- _Work to be completed_: Return the listing exactly. Keep no pictures.

- _Input data_:

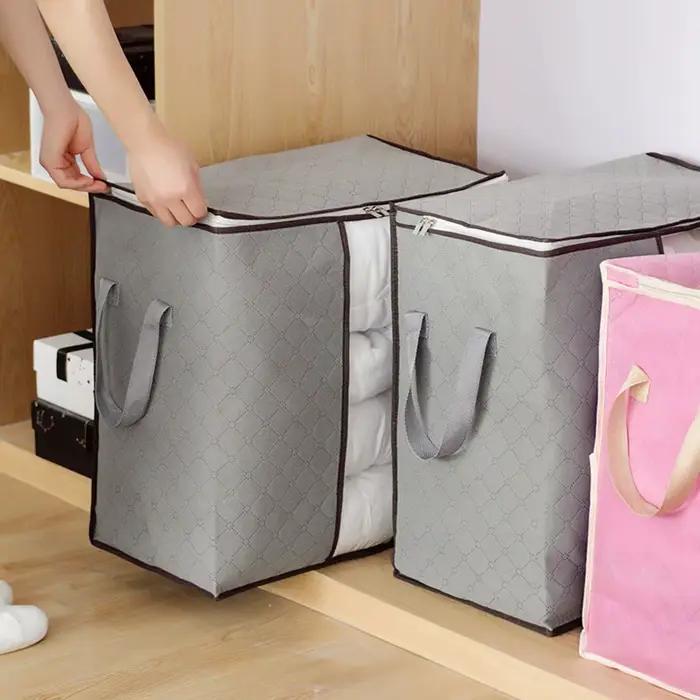 Sac de rangement pour couettes, sacs de tri de couverture, boîte de rangement pour garde-robe mobile, grande capacité, humidité, poussière, vert, vêtements, évaluation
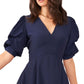 1.STATE Women's Tiered Bubble Sleeve Dress Blue Size Large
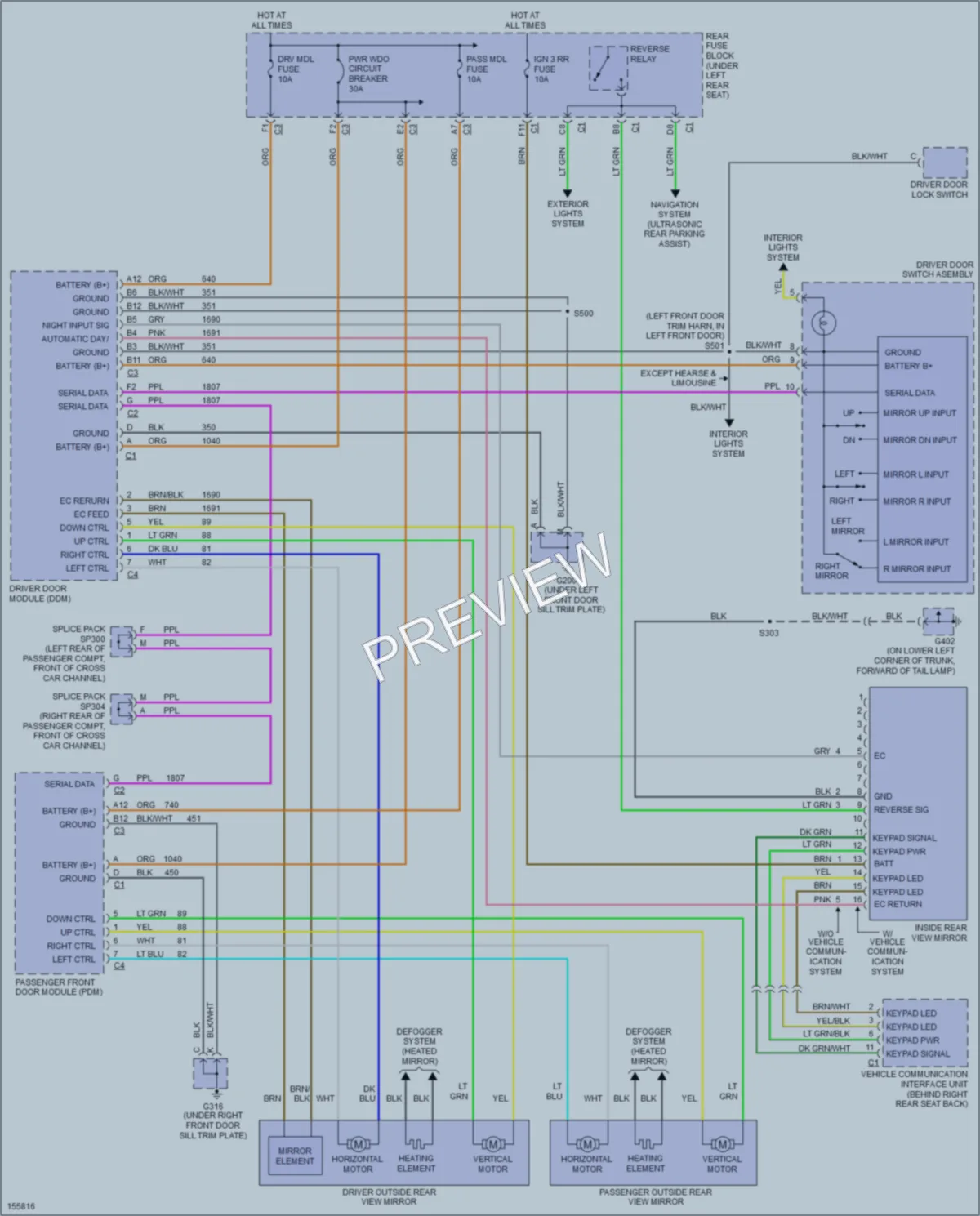 2003 Cadillac DeVille Power Mirrors wiring diagram preview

- _Output of the task_:
 Sac de rangement pour couettes, sacs de tri de couverture, boîte de rangement pour garde-robe mobile, grande capacité, humidité, poussière, vert, vêtements, évaluation
 1.STATE Women's Tiered Bubble Sleeve Dress Blue Size Large
 2003 Cadillac DeVille Power Mirrors wiring diagram preview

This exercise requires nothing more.